### Exercise
Except for the pictures, reproduce the records word for word.

——

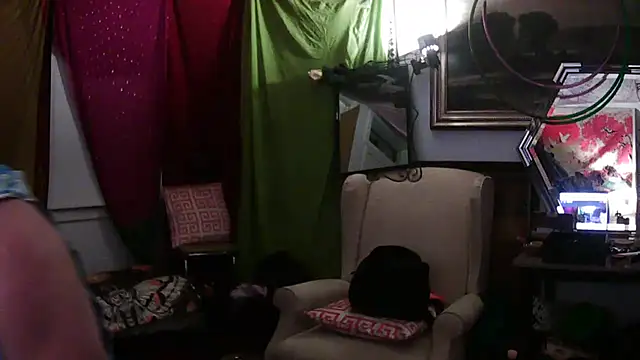 Snapshot of SilverandFox chatting on 03/06/25, 12:30 SilverandFox online show from 03/06/25, 12:30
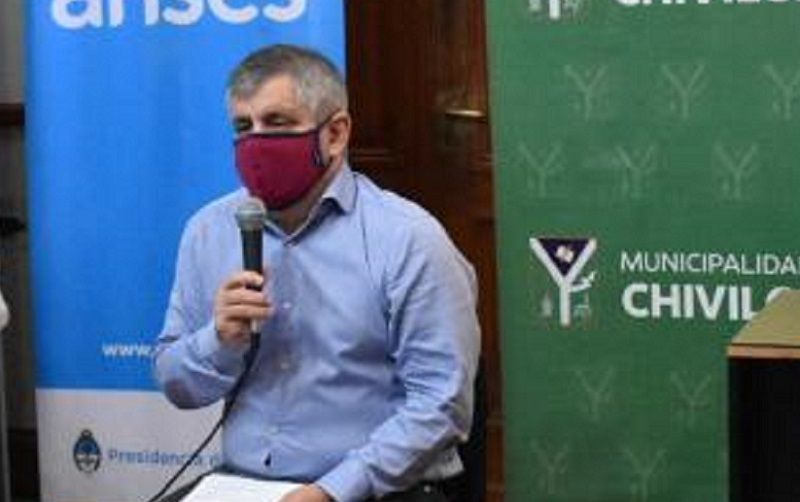 Una encuesta política en medio de la pandemia hizo estallar al Intendente de Chivilcoy: "Espero que sea una broma"
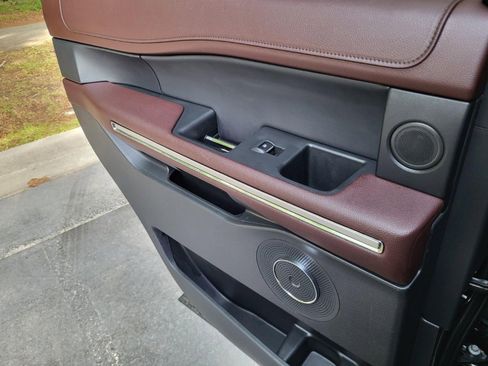 Used 2024 Ford Expedition Limited RWD image 19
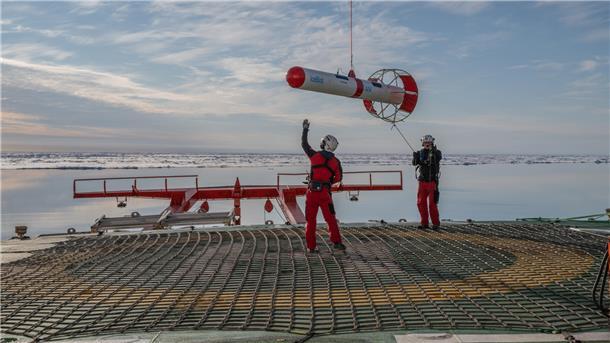 Arktis-Expedition endet: „Polarstern“ kommt Samstag in Bremerhaven an Kai Miehe (l) und Dwayne McOscar von dem Heli Team fangen den EM-Bird nach Eisdickemessungen ein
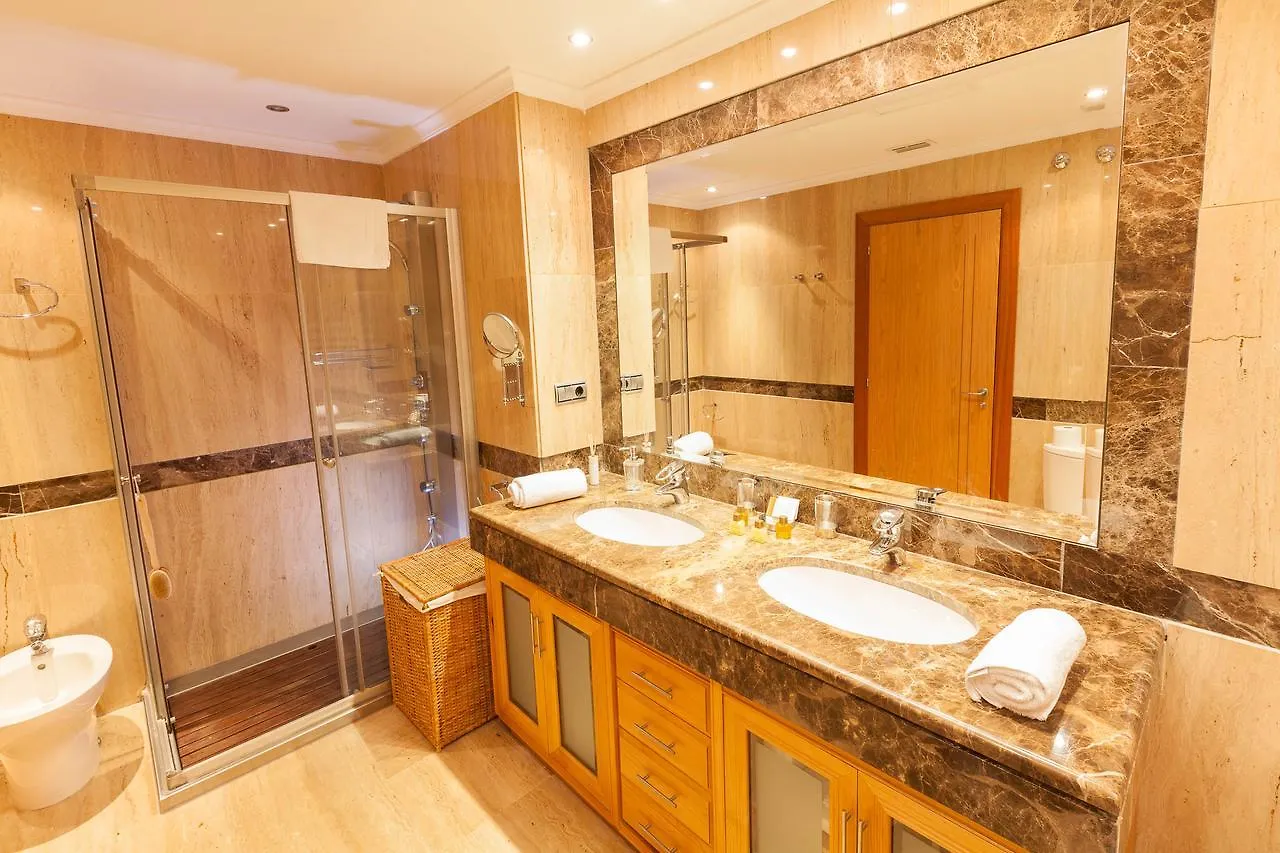 Puerto Banus Getaway Giant Heated Pool And Gym 0*, Marbella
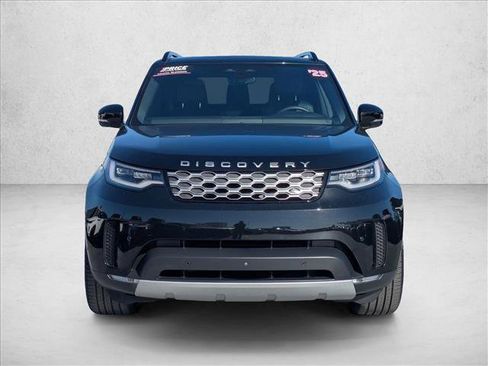 Used 2025 Land Rover Discovery S AWD/4WD image 2
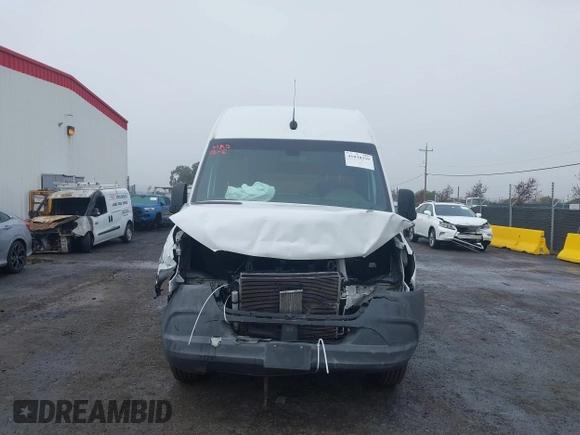2022 Mercedes-Benz Sprinter Cargo with VIN W1Y40CHY4NT094656, listed as a IAAI auction lot 41038339 with 76,599 mi miles. Bid and sale history available at carsss.com. Image 13.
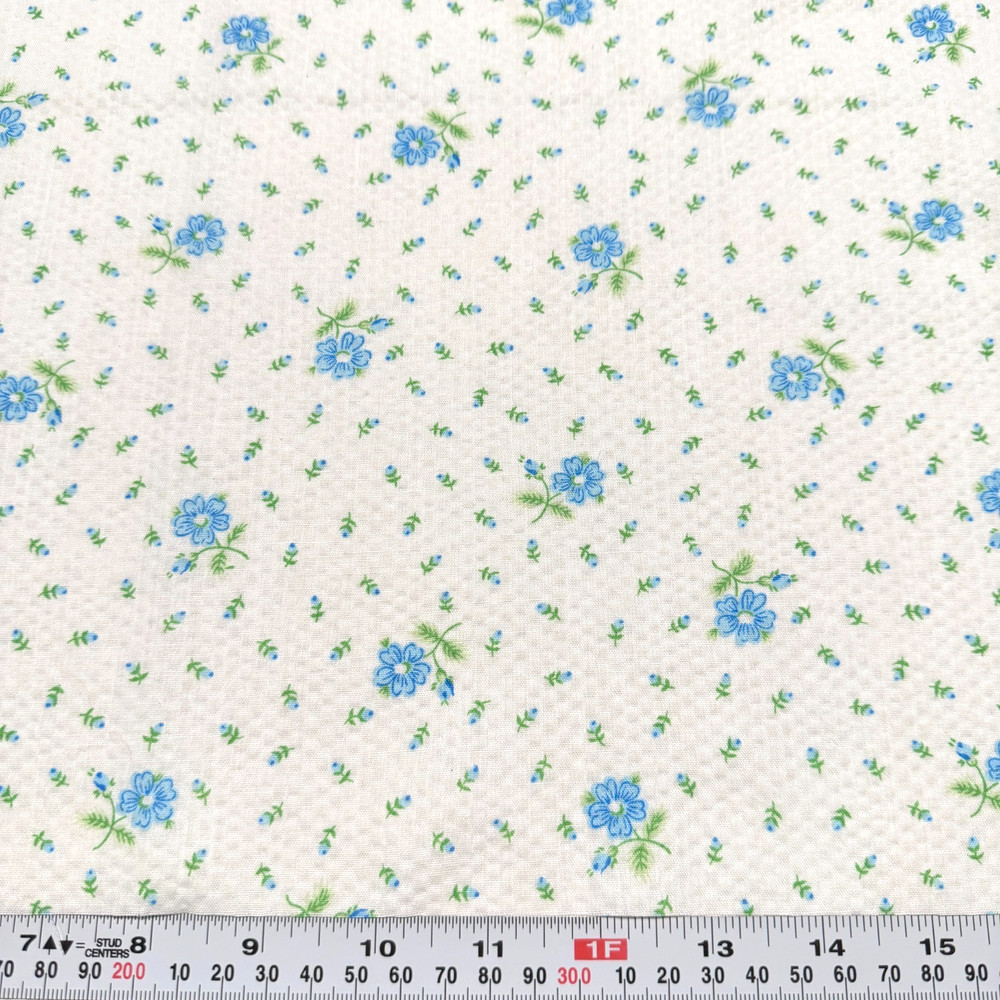 Vintage Blue and Green Florals White Cotton Blend Seersucker FAT QUARTER 18 x 22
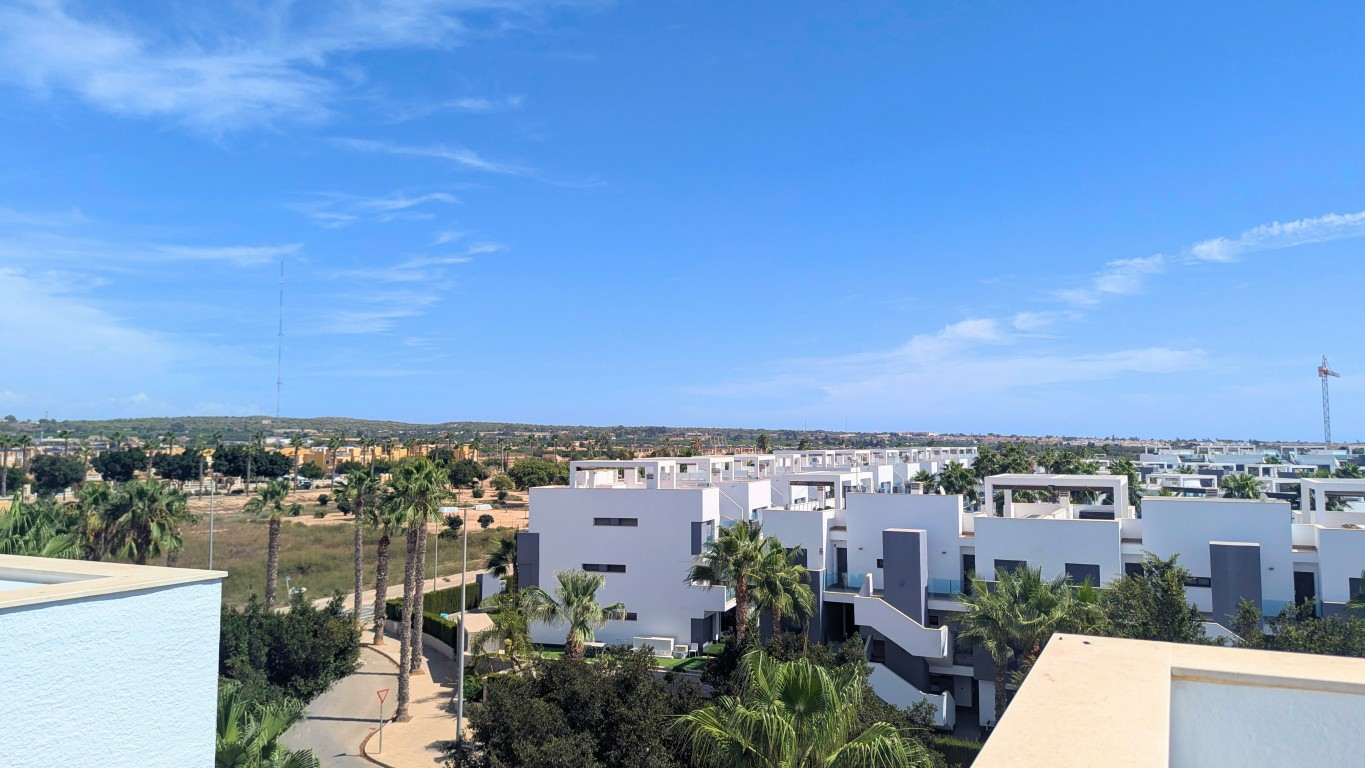 3-bedroom Apartment In El Raso, Spain (91 M²)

——

### Task solution
 Snapshot of SilverandFox chatting on 03/06/25, 12:30 SilverandFox online show from 03/06/25, 12:30
 Una encuesta política en medio de la pandemia hizo estallar al Intendente de Chivilcoy: "Espero que sea una broma"
 Used 2024 Ford Expedition Limited RWD image 19
 Arktis-Expedition endet: „Polarstern“ kommt Samstag in Bremerhaven an Kai Miehe (l) und Dwayne McOscar von dem Heli Team fangen den EM-Bird nach Eisdickemessungen ein
 Puerto Banus Getaway Giant Heated Pool And Gym 0*, Marbella
 Used 2025 Land Rover Discovery S AWD/4WD image 2
2022 Mercedes-Benz Sprinter Cargo with VIN W1Y40CHY4NT094656, listed as a IAAI auction lot 41038339 with 76,599 mi miles. Bid and sale history available at carsss.com. Image 13.
 Vintage Blue and Green Florals White Cotton Blend Seersucker FAT QUARTER 18 x 22
 3-bedroom Apartment In El Raso, Spain (91 M²)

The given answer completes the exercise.